The Pandora Papers have rocked the world. Since news organisations began publishing their explosive contents on October 3, the giant leak has dominated headlines and posed questions of some of the world’s most powerful people and their financial propriety.
Everyone from former UK prime minister Tony Blair to the K ing of Jordan have been dragged into a murky world of offshore finance, with stunning allegations being uncovered daily. And not for the first time, calls have been made to crack down on offshore financial products and institutions, and to instigate a fairer tax regime.
The Pandora paper revelations came from an unfathomably big tranche of documents: 2.94 terabytes of data in all, 11.9 million records and documents dating back to the 1970s. But how do you handle a massive leak of such size securely, when documents come in all sizes and formats, some dating back five decades?

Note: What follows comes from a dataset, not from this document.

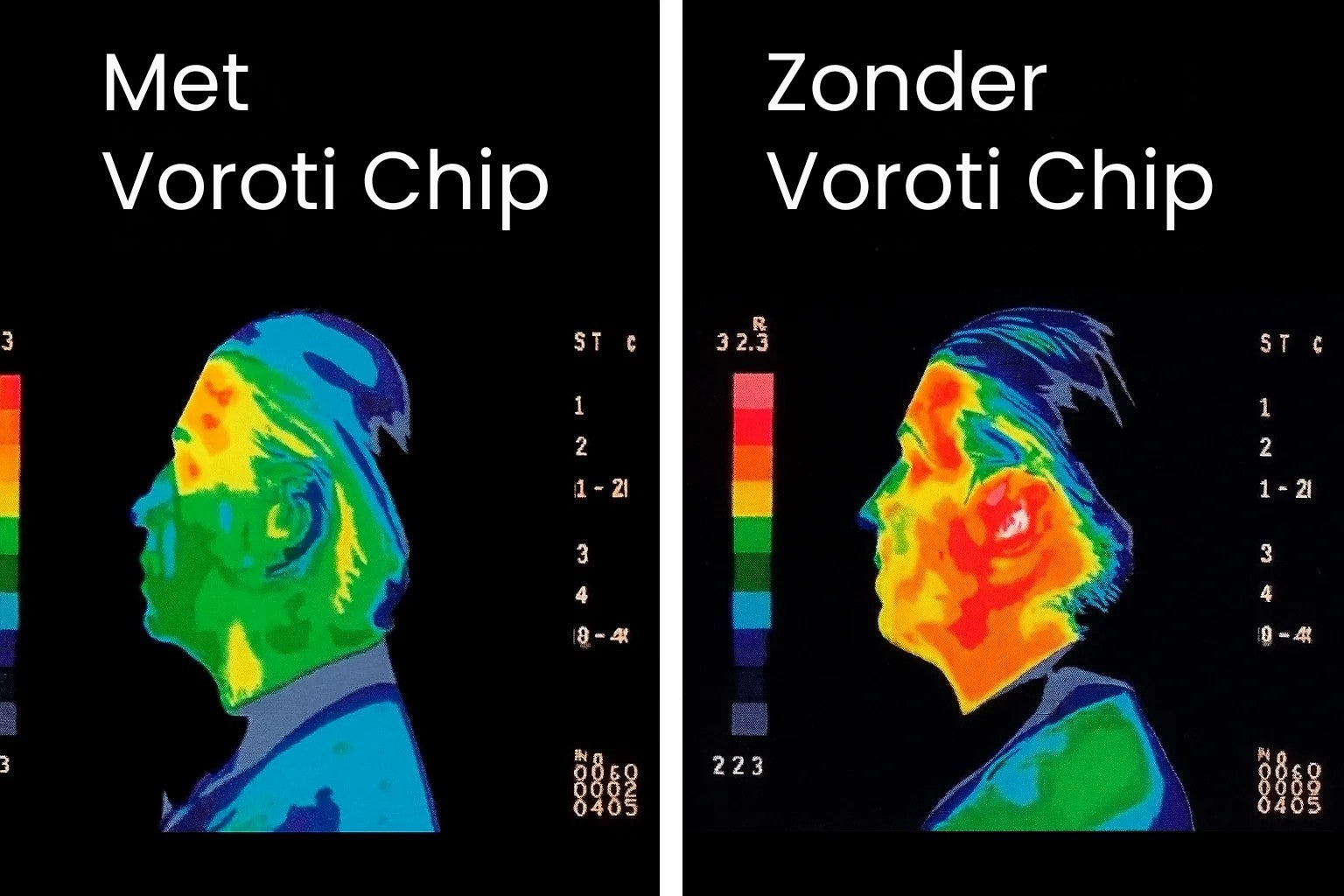 Voroti-chip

The organisation behind the Pandora Papers leak, the International Consortium of Investigative Journalists (ICIJ), has spent the best part of a year coordinating simultaneous reporting from 150 different media outlets in 117 countries. And it involves a lot of technical infrastructure to bring the stories of financial issues to light. “We had data from 14 different offshore providers,” says Delphine Reuter, a Belgian data journalist and researcher at the ICIJ. Work began on analysing the data in November 2020.
“The first challenge for us was to get the data,” explains Pierre Romera, chief technology officer at the ICIJ. “We exchanged for weeks and months with the sources, and at a point we had to find a way to get the data.” Initially, the ICIJ brokered a deal with its sources that would allow them to send the data remotely without needing to travel, but as the size of the document dump grew, so did the challenges in ensuring it all could be sent to a secure server. Some members of the ICIJ team met directly with sources and collected huge hard drives containing the documents.

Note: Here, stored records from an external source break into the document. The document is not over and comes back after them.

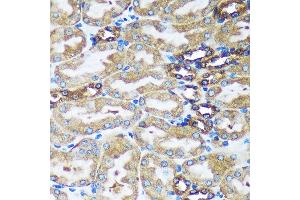Immunohistochemistry of paraffin-embedded Mouse kidney using FBXO21 Rabbit pAb (ABIN7267085) at dilution of 1:100 (40x lens). (FBXO21 抗体  (AA 440-621))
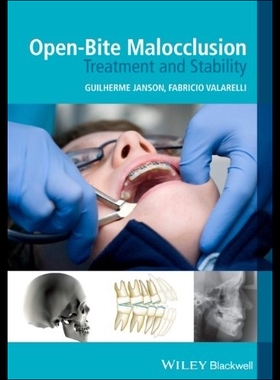【预售】Open-Bite Malocclusion: Treatment and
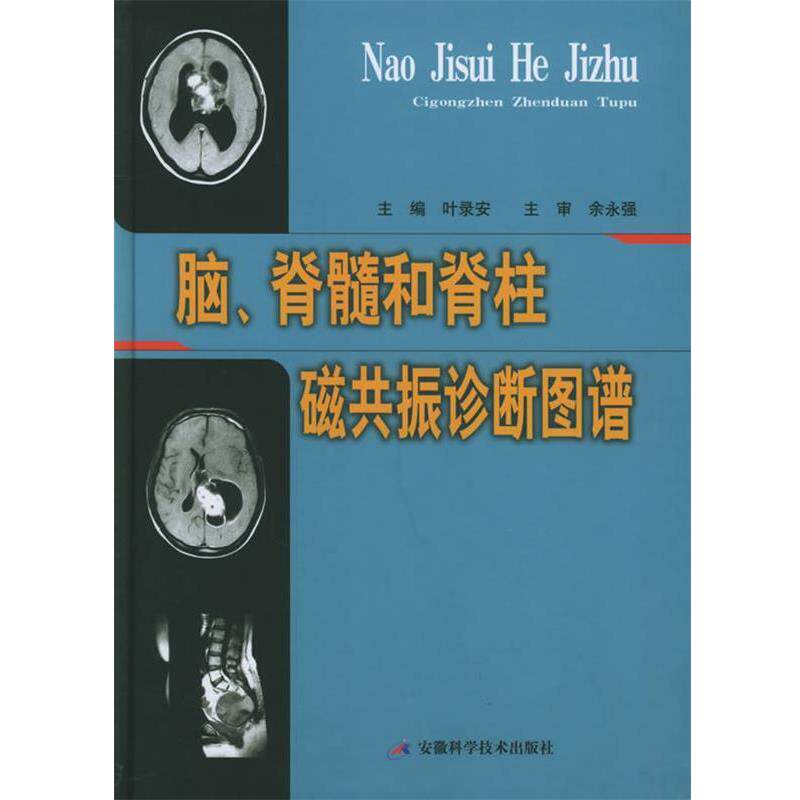 【正版书】 脑、脊髓和脊柱磁共振诊断图谱 叶录安 主编 安徽科学技术出版社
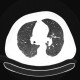 Hypersensitivity pneumonitis, subacute: CT - Computed tomography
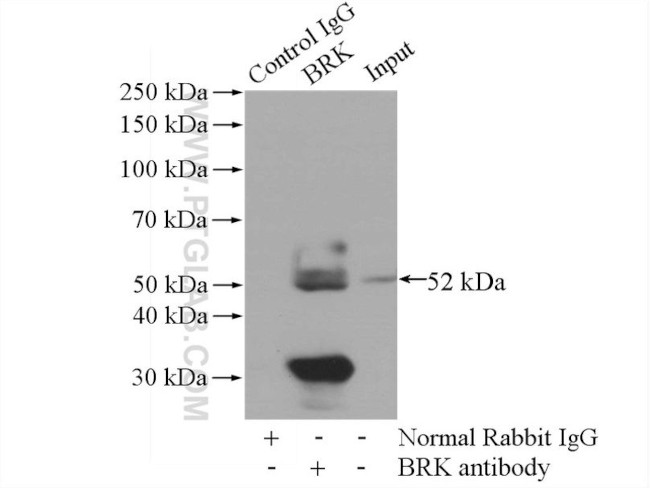 BRK Antibody in Immunoprecipitation (IP)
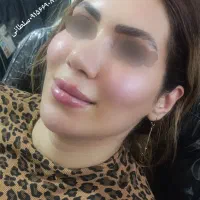 جشنواره تخفیف محرم میکروبلیدینگ فیلر ژل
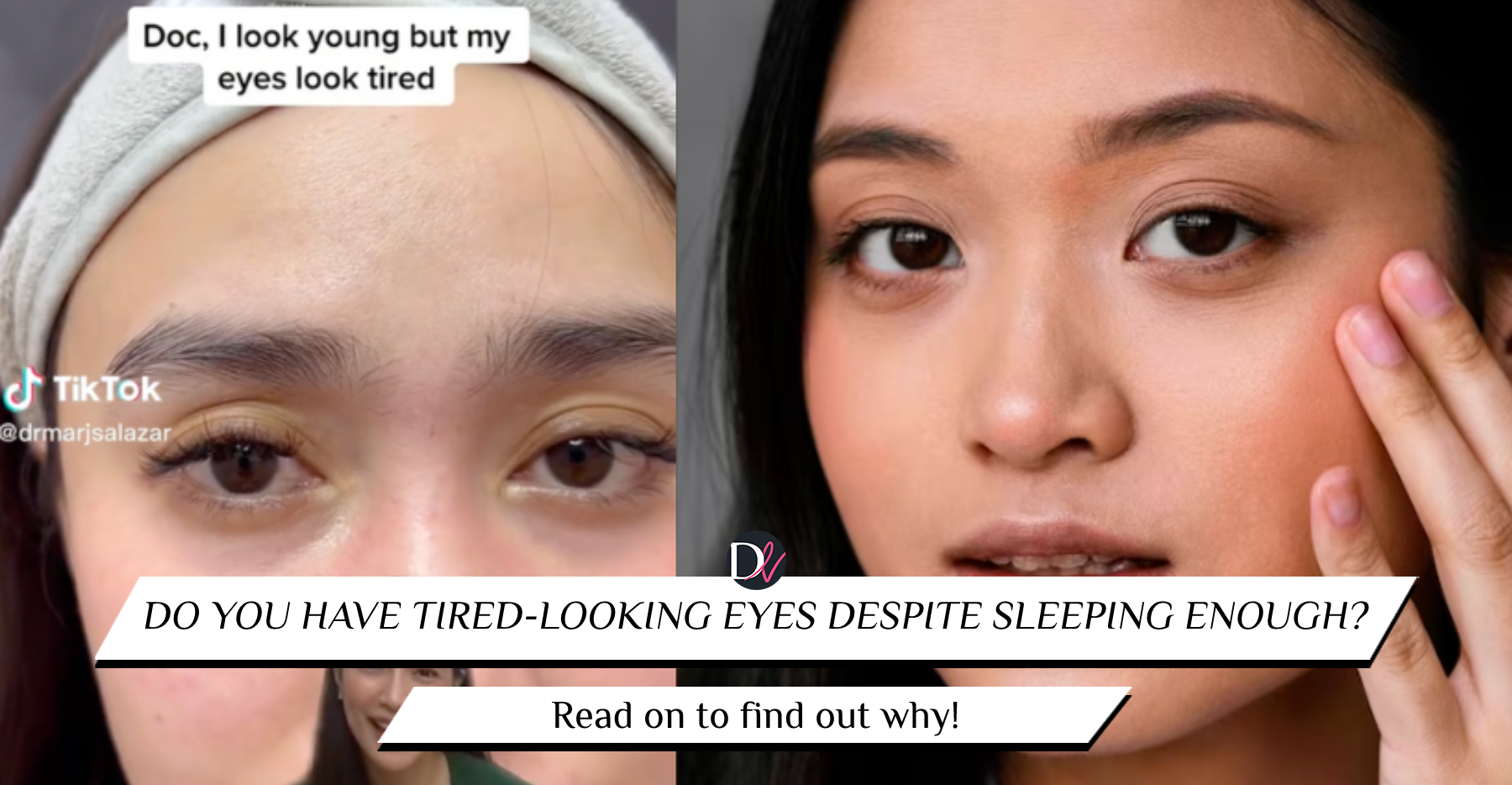 Deusaderm For Dark Eye Circles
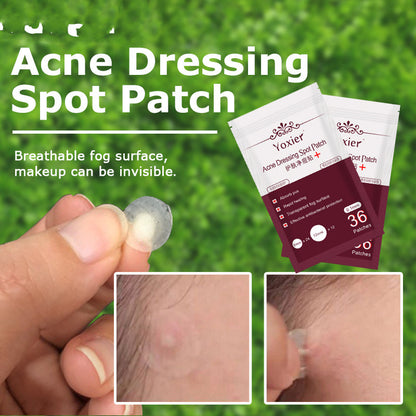 Acne Spot Patch Set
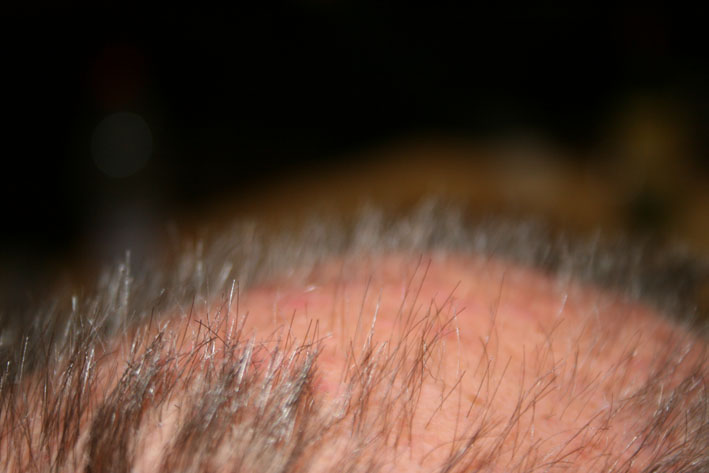 WCT&Acirc;&sup2; (279)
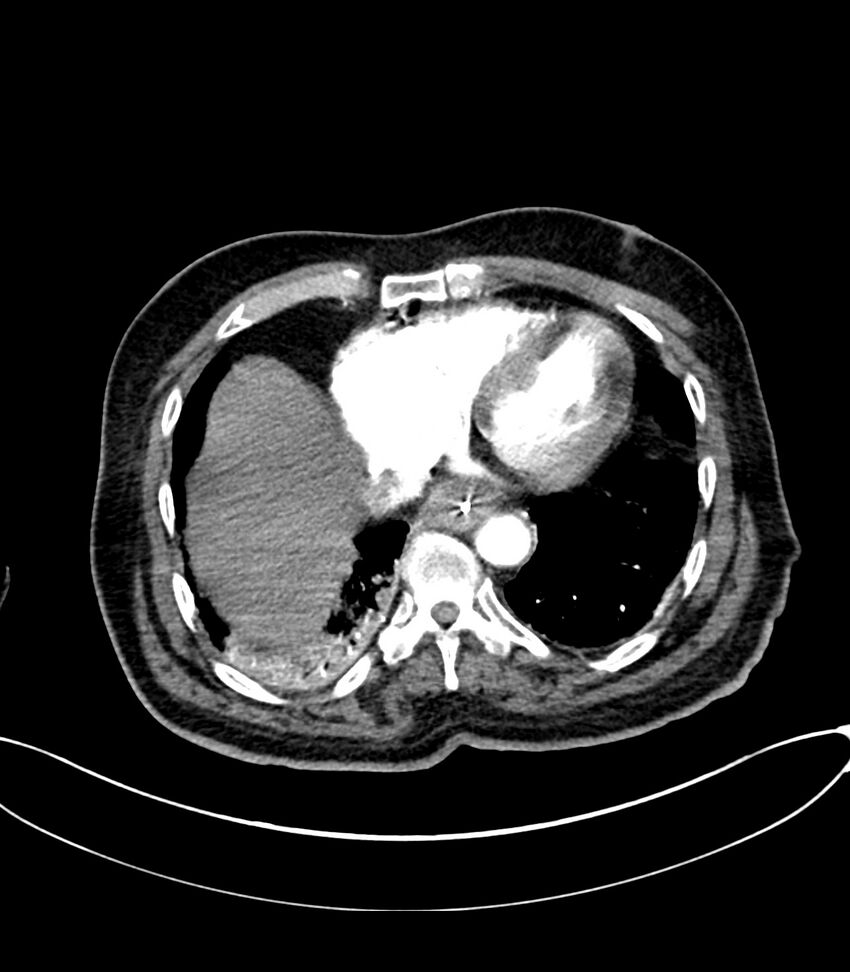 Acute arterial mesenteric ischemia (Radiopaedia 78238-90828 Axial C+ arterial phase 17).jpg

But the sheer size of the leak was still tricky to navigate. “They’re massive,” Romera says. Analysing such a volume of data isn’t a job for Excel or existing database management programs. “You can’t just go at it with classic tools. There’s nothing in the market for journalists that can ingest so much data.” Worse, four million of the files were PDFs – notoriously bad to interrogate. “PDFs are horrible to extract information from,” says Reuter. And they weren’t ordinary PDFs either: seemingly unrelated documents were scanned together into single PDF files without rhyme or reason. “You might have copies or emails or registers of directors within the information we were interested in,” she adds.
However, the ICIJ has had practice in parsing huge troves of information. The Panama Papers, which in 2016 uncovered the rogue offshore finance industry over 11.5 million leaked documents across 2.6 terabytes of data, gave the coalition of investigative journalists a set of best practices on how to handle all that data. “We created our own tools and technology to extract the text and make it searchable,” says Romera. That task fell to a team including Bruno Thomas, senior developer at the ICIJ, to prepare the data to be accessible for scores of reporters worldwide.

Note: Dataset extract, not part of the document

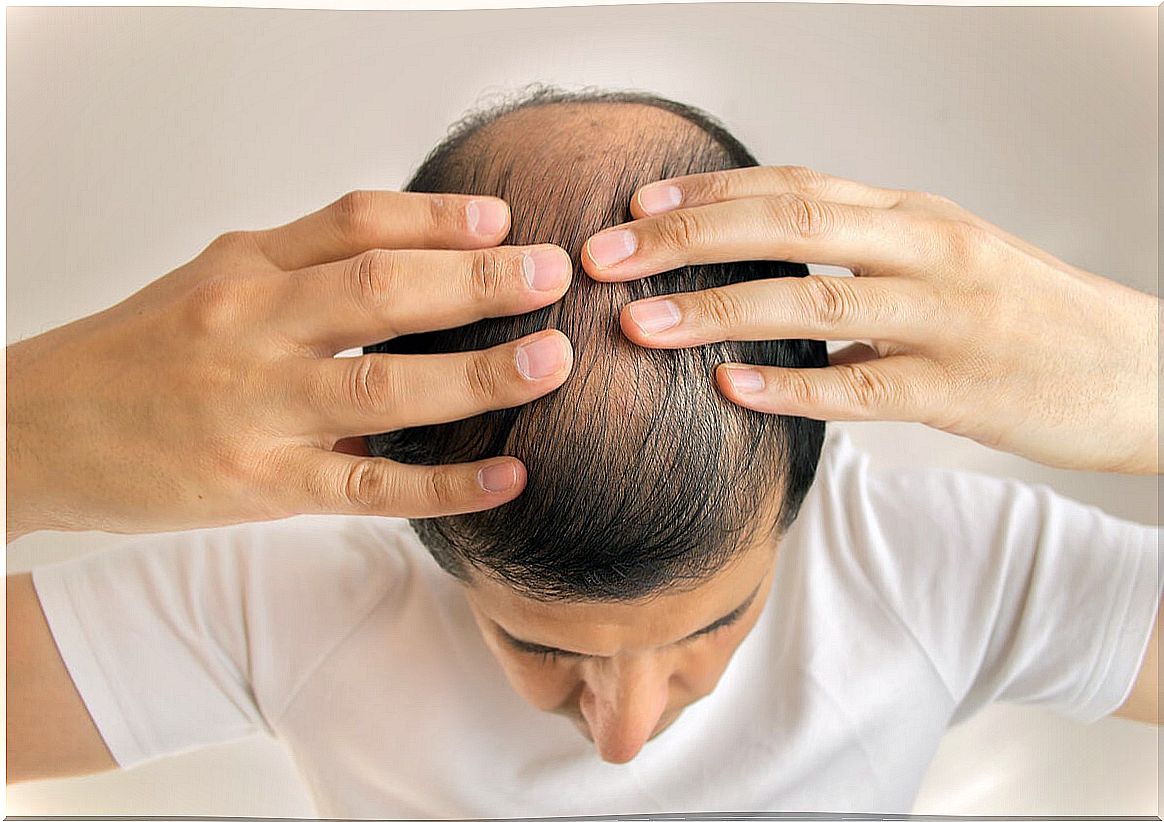 Male alopecia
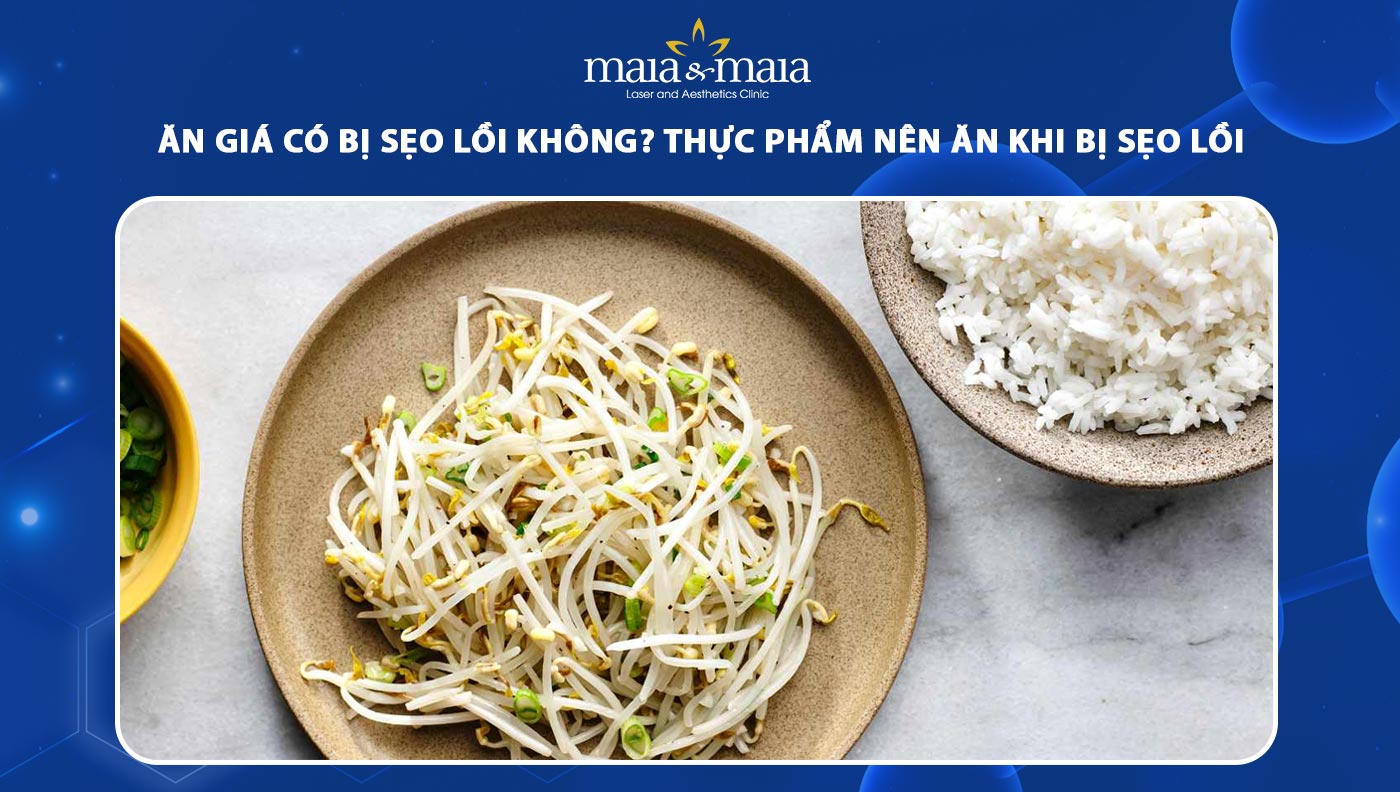 ăn giá có bị sẹo lồi không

The ICIJ used two self-developed technologies in combination to comb through the documents. One, Extract, is able to share the computational load of extracting information between multiple servers. “When you have millions of documents, Extract is able to tell a server to look at one document and another server to look at another,” Romera says. Extract is part of a larger ICIJ project, called Datashare, which is a data structuring tool. “Everyone has to use Datashare to explore the documents,” says Reuter. “They can download documents to their own machine, but they have to use Datashare to search the documents because it’s not doable to go through 11.9 million documents without the system.”